4/10
What should be moving is steeped in cheese.
27 November 2008
What was taken away after a viewing of The Killing Fields is not any sort of empathy with those poor Cambodians or the plight of Dith Pran, but a genuine hatred of Roland Joffe for believing his audience is made up of moronic dolts so ignorant and unsophisticated that they need to be told that the insanity and murder on display is a very bad thing. Really, thank god for the 30 inserts of crying children while overpowering sadness-score swells exponentially. Feel bad! You must FEEL BAD FOR THEM! Joffe's narcissism viciously attacks us at every turn with how goddamn important he knows this film is. It's brutal and insulting.
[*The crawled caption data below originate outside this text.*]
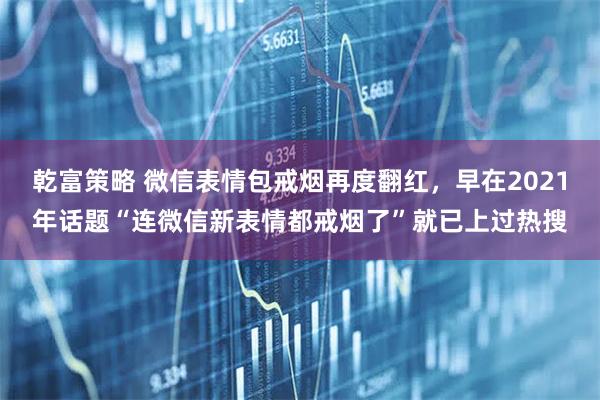 乾富策略 微信表情包戒烟再度翻红，早在2021年话题“连微信新表情都戒烟了”就已上过热搜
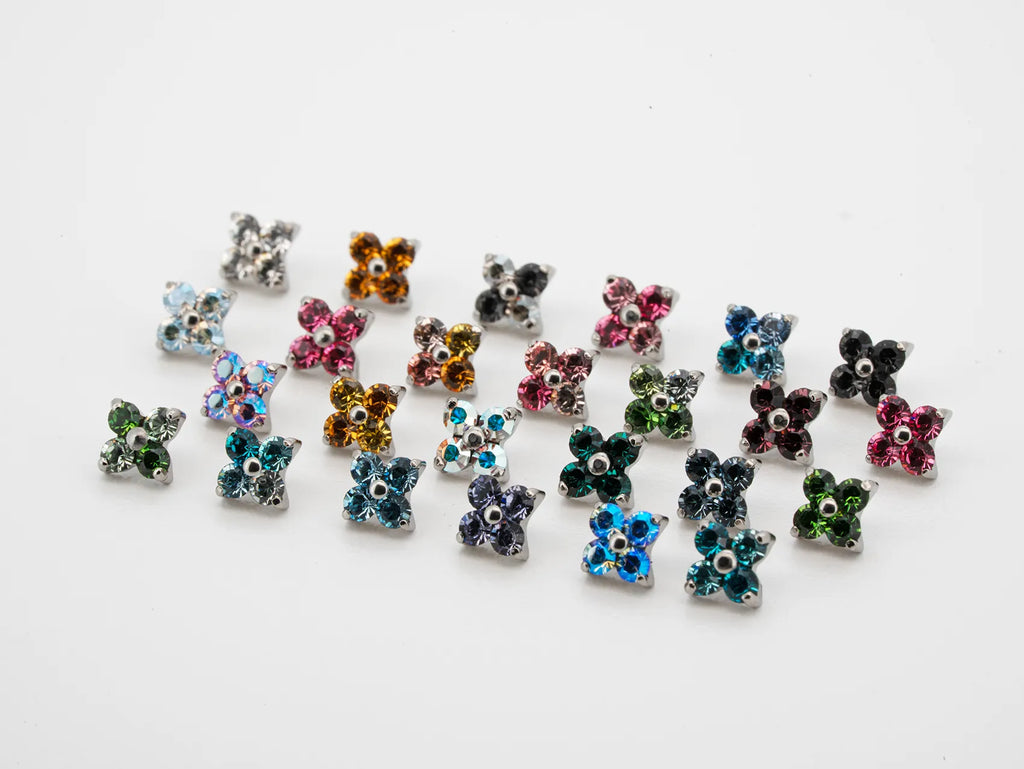Dvara Crystal AB Four Leaf Austrian Crystal 16G Titanium Labret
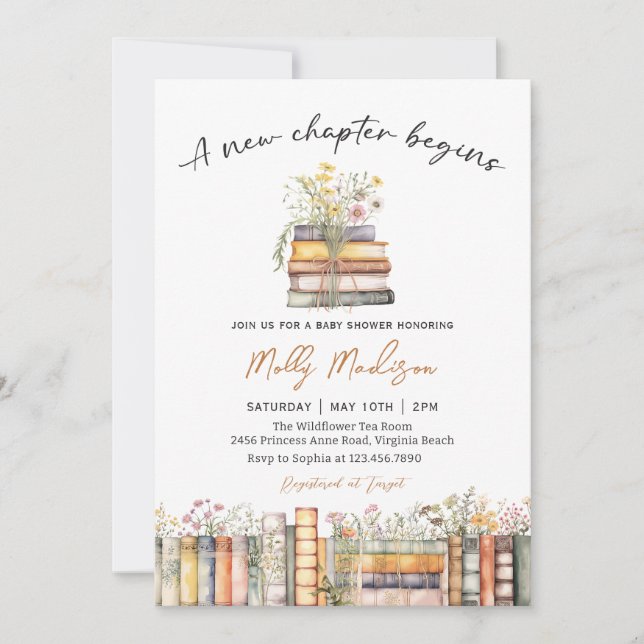 Convite A New Chapter Begins Baby Shower Invitation (Frente)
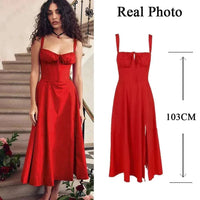 Thumbnail for Lace-Up Flare Midi Dress - Affordable streetwear  from swagstreet wear - Just £60.99! Shop now at swagstreet wear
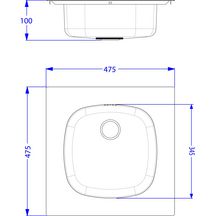 Evier à encastrer ÉCO  1 cuve Ø450  inox 18/10 nu, sans vidage, Satiné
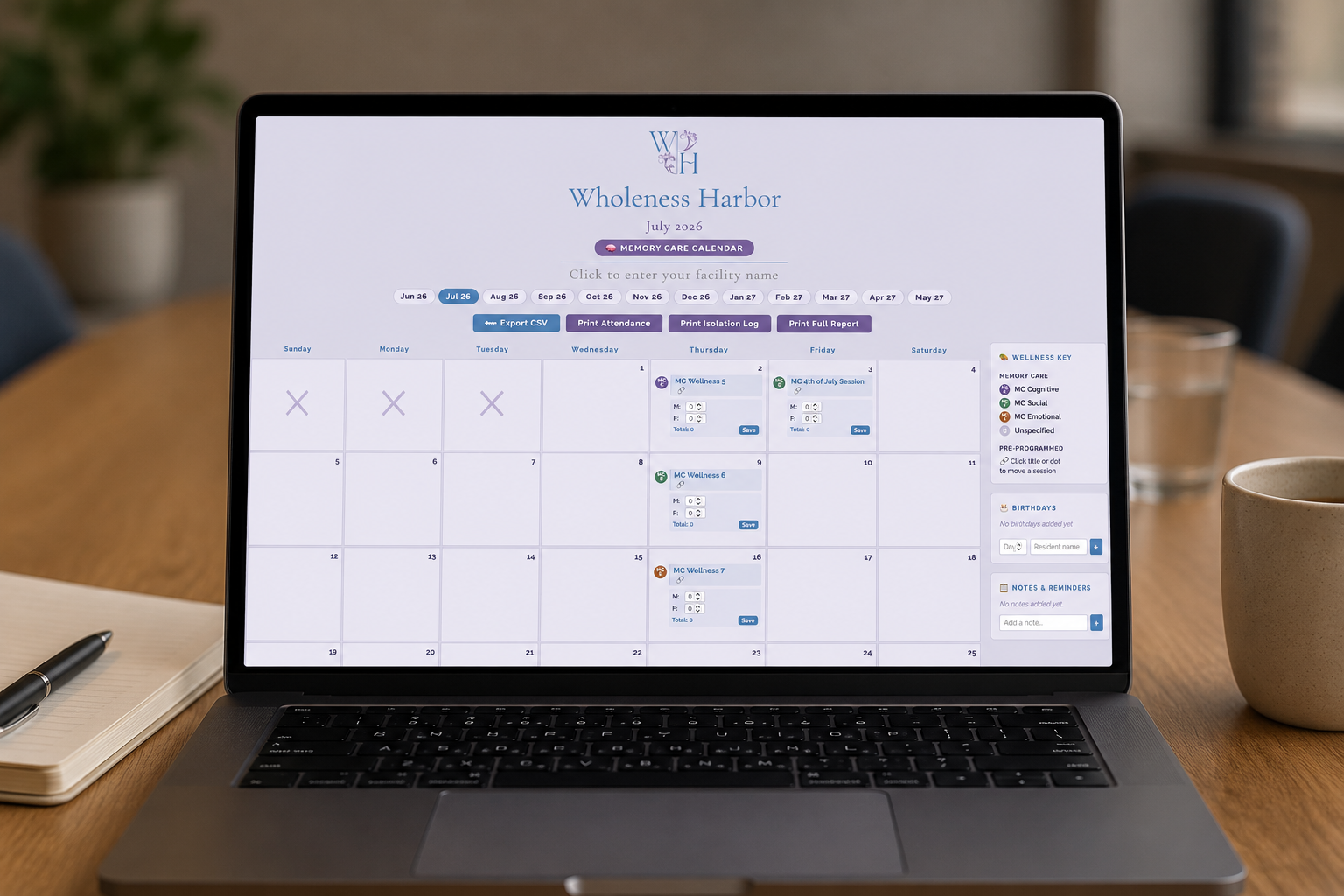 Wholeness Harbor Memory Care Compliance Calendar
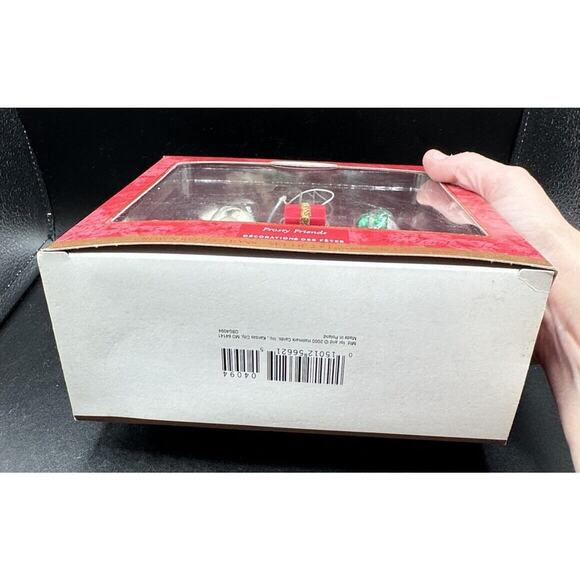 Brand New 2000 Frosty Friends Hallmark Ornament Blown Glass Set of 2 Rare -25D - Picture 3 of 8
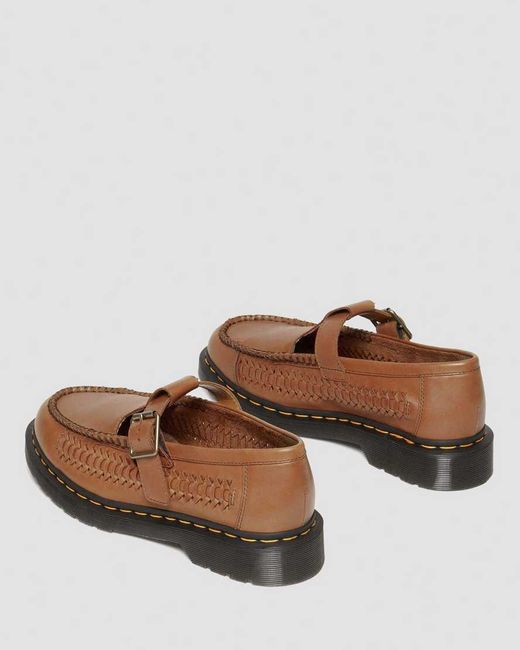 Dr. Martens Brown Adrian T-Bar Woven Leather Mary Jane Loafers for men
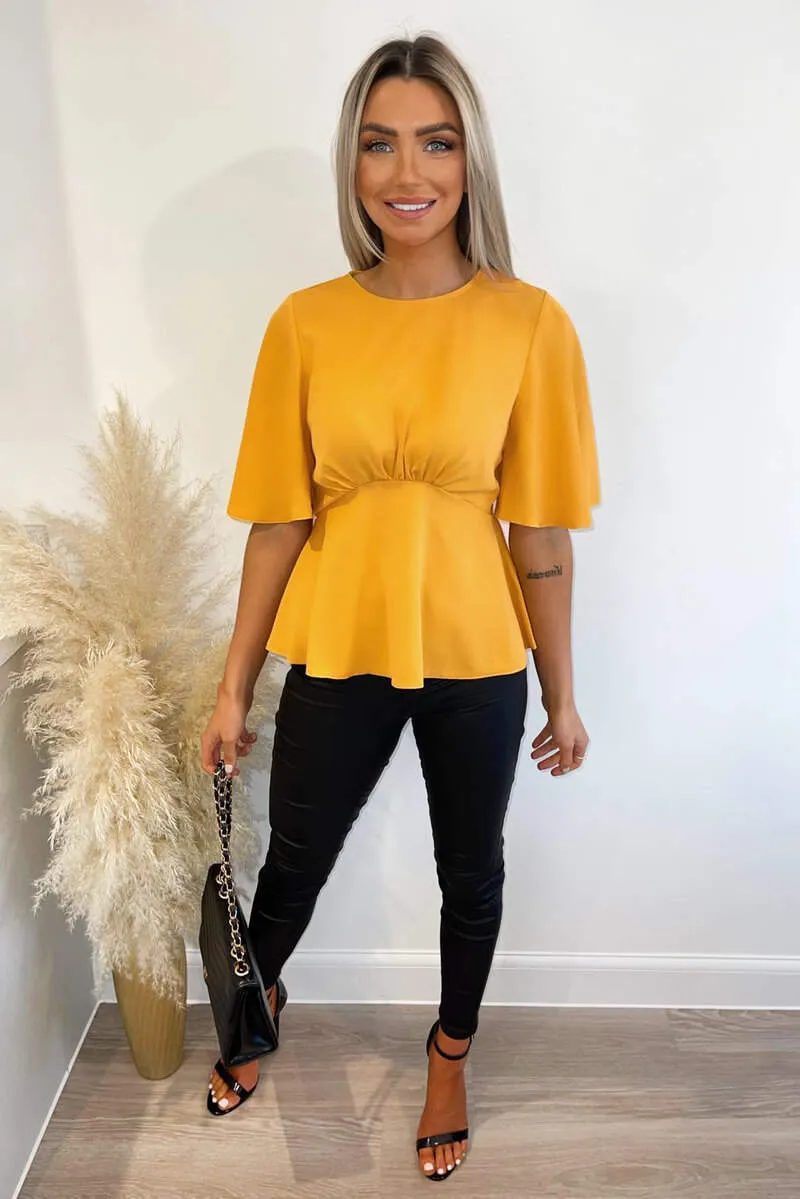 Yellow Flared Short Sleeve Blouse sold by AX Paris product image thumbnail 2
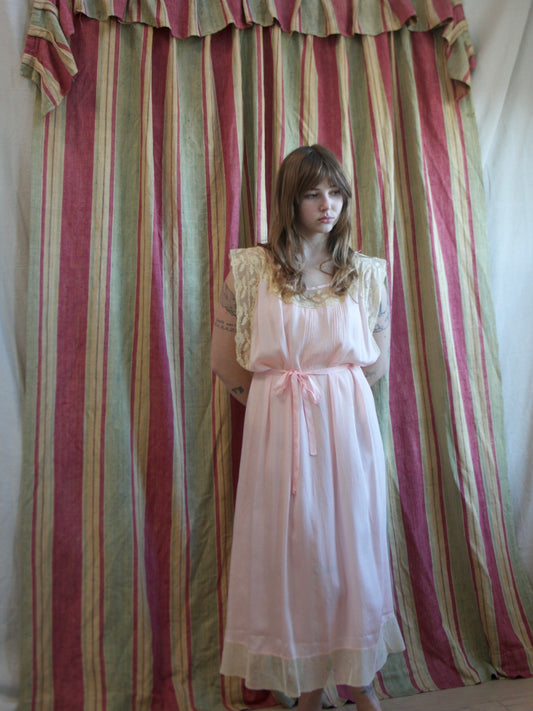 Antique 1920s Pale Pink Pin-tuck Silk Ecru Lace Slip Dress
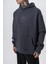 Erkek Garden Baskılı Kapüşonlu Oversize Hoodie Füme 5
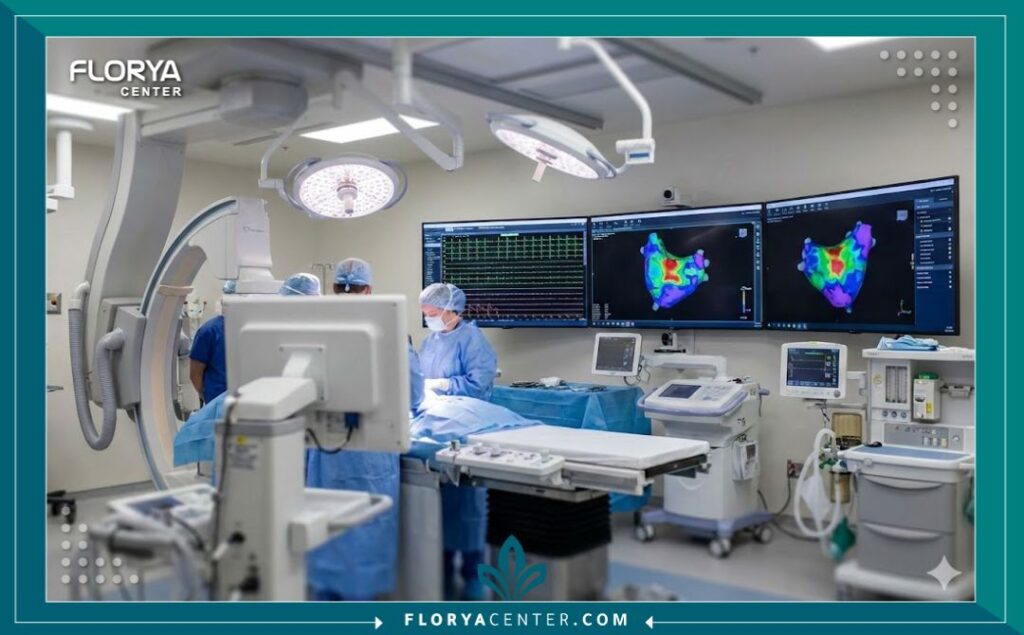 غرفة عمليات متطورة مجهزة بأحدث التقنيات لعلاج خفقان القلب واضطراب النظم.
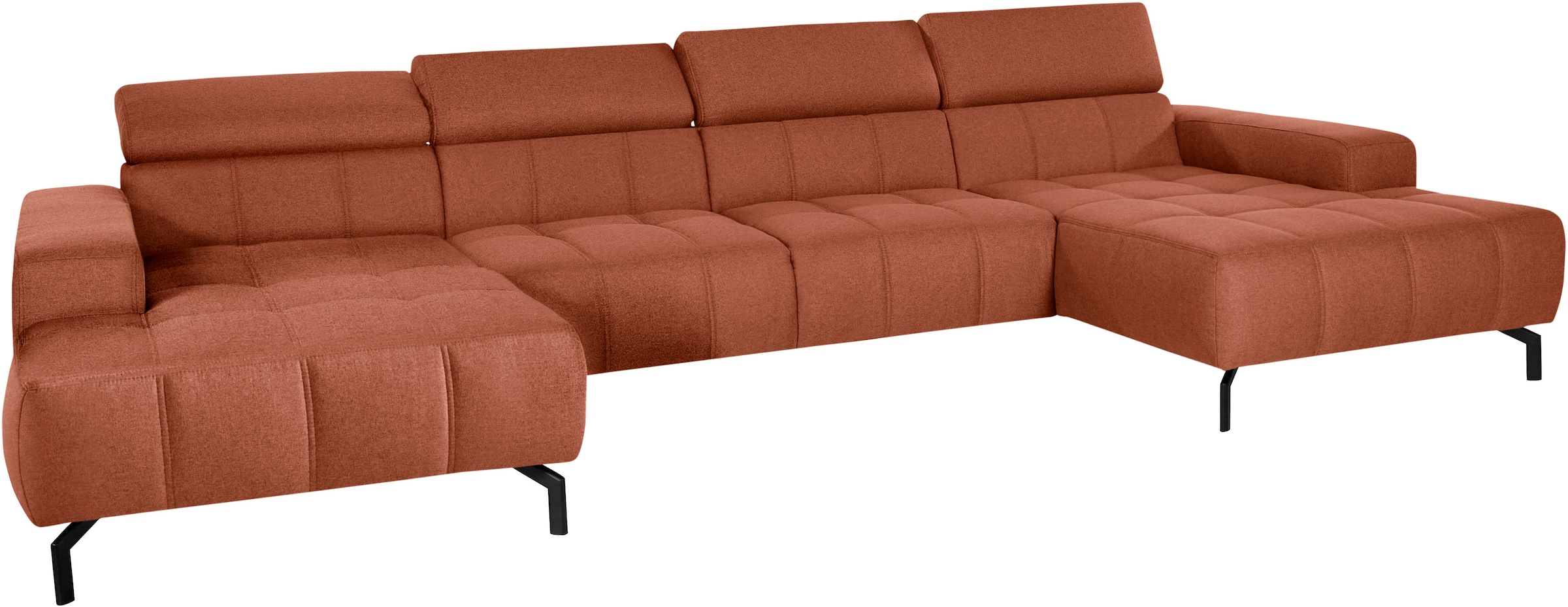 DOMO collection Wohnlandschaft »Cunelli tolle Sitznähte als Designelement, fester Sitzkomfort, U-Form«, wahlweise mit Kopfteilverstellung, bodenfrei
This is a shame, as there are some skillfully choreographed sequences where our protagonists are shuffled from place to place in total confusion as to the situation. These contain little to no dialogue and articulate a great deal through imagery. Of course there is the outrageously bizarre musical accompaniment that deflates any interest in the scenes. It's as if Joffe hired Trent Reznor and Danny Elfman and told them to meet somewhere in the middle. The much hyped performance of Haing S. Ngor is not Earth shattering but definitely impressive, especially as a non actor who totally out-acts the rest of the cast. The tragedy is that as a man who actually survived all the misery we see in this film, he deserved to be in a far better portrayal of the insanity the Khmer Rouge put Cambodia through. All we learn about the calamitous conflict is that "it sucked." Granted, the focus of this film is on the characters of the reporters, but the audience should know a bit about what they are seeing. The Khmer Rouge appears like a magical force that simply showed up and took over. This might be asking for too much of a different film, but it seems necessary for something that clearly wants to be the total embodiment of the Cambodian conflict. A film that bastardizes John Lennon's "Imagine" in such a horrific, tug-at-the-heart-strings fashion deserves no such moniker. It's an ending so overdone and steeped in cheese that all in the audience will cry, but not for the intended reason.